*TASK ITEM*
What you return should be the full listing, copied exactly and stripped of its pictures.

*COLLECTED DATA*
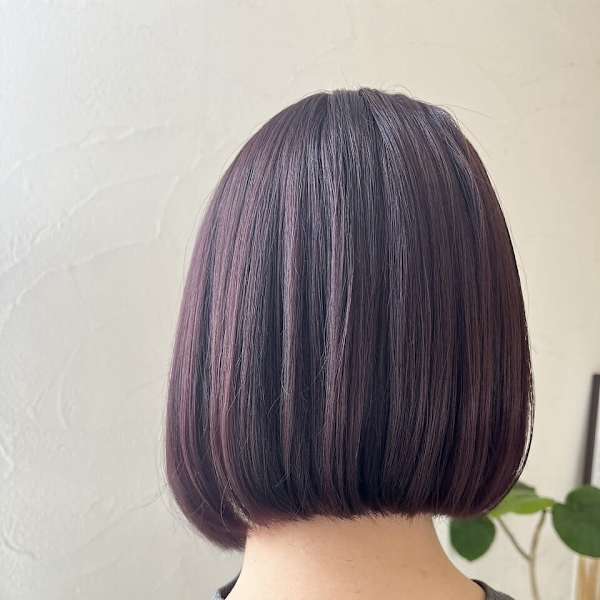 頭皮が敏感な方におすすめ♪ 極上グレイカラー カット+オーガニック・アロマカラー¥8990|LBL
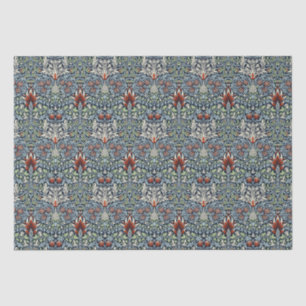 William Morris Snakeshead Floral Classic Botanical Seidenpapier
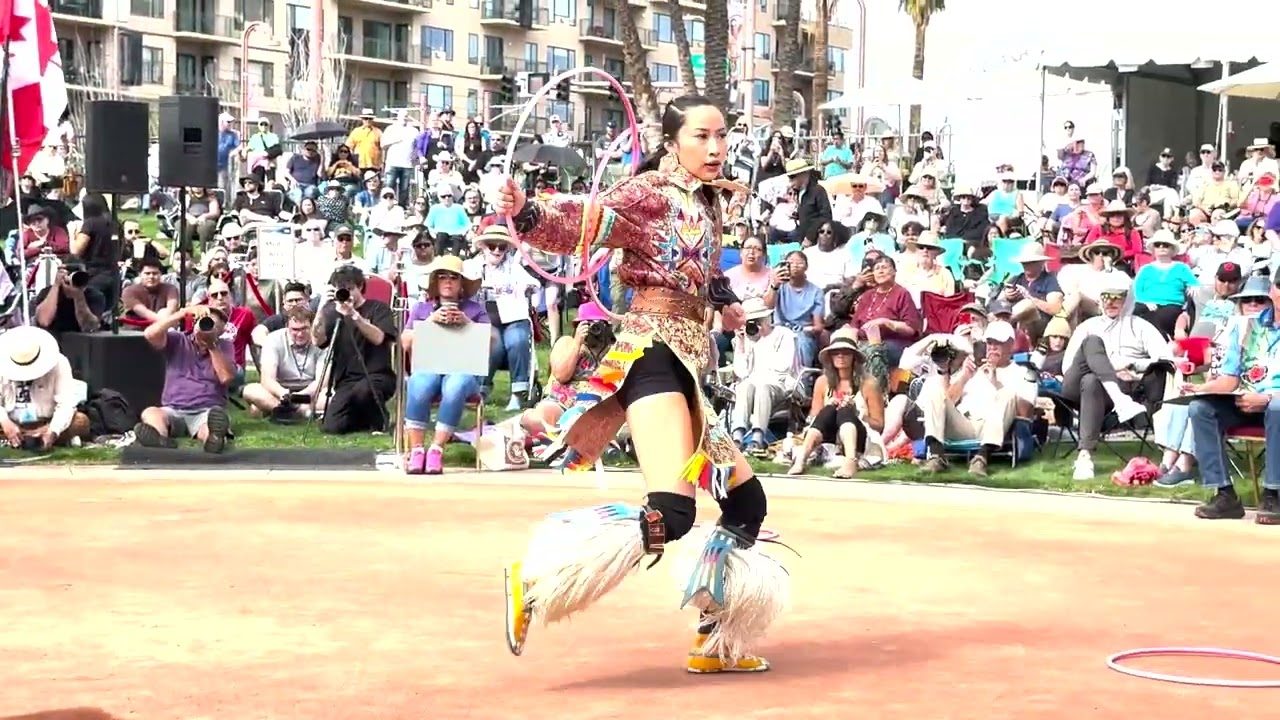 The 36th Annual World Championship Hoop Dance Contest - Kailayne Jensen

*ANSWER*
 頭皮が敏感な方におすすめ♪ 極上グレイカラー カット+オーガニック・アロマカラー¥8990|LBL
 William Morris Snakeshead Floral Classic Botanical Seidenpapier
 The 36th Annual World Championship Hoop Dance Contest - Kailayne Jensen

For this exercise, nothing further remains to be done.